I agree that few people imagining they can have eternal life think that they will suffer. But that's exactly the problem. They haven't thought it through. They don't yet understand what life is. Which is why they are so woefully unprepared to handle the parts that don't match their fictions.

The bit about Shakespeare's sonnets I take to be a counterargument to "all composite things decay". That we have managed to keep 100k of text around for less than half a millennium seems like poor evidence that immortality will soon be ours. People die. Species die. Planets and suns die.


Okay. You do not value death, but you do not believe we can defeat it either. Note that in a strict sense, the second law of thermodynamic says you're most probably right. All there's left is a hope of a very long life. (Which you probably don't think we can achieve either, right?)
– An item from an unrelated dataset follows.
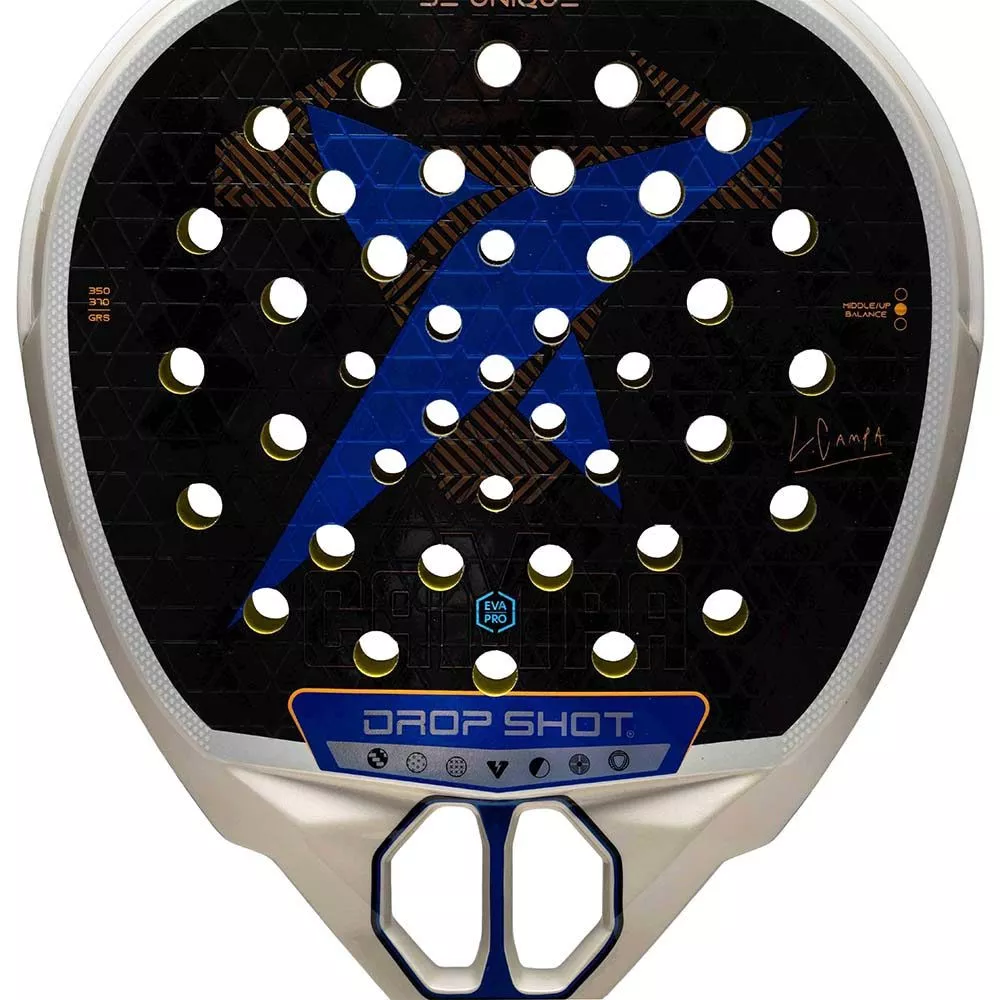 Drop Shot Explorer Pro Attack 2.0 Padelschl&auml;ger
It's a long way to go, or at least a very long shot, but a long life is possible in principle. Things decay, but they can be fixed or replaced (even the brain: current physics says that copy-paste transportation actually works —in principle). We just don't know how to do that yet. Now, about my personal immortality, I see little hope short of Friendly AI or cryonics, and even those are a long shot.


I agree that a long life is theoretically possible. I personally suspect that even if we overcome the body problems, neither human brains nor human minds will be able to cope with that, so that anything truly long-lived will be a post-human organism.

I also agree with you that the various theoretically possible techno-miracles likely won't mean much for us than a modestly longer old age. So I think everybody should really come to grips with what dying means. E.g., by filling out a living will and discussing end-of-life issues with family. If it turns out that preparation is wasted, I don't think anybody will complain too much.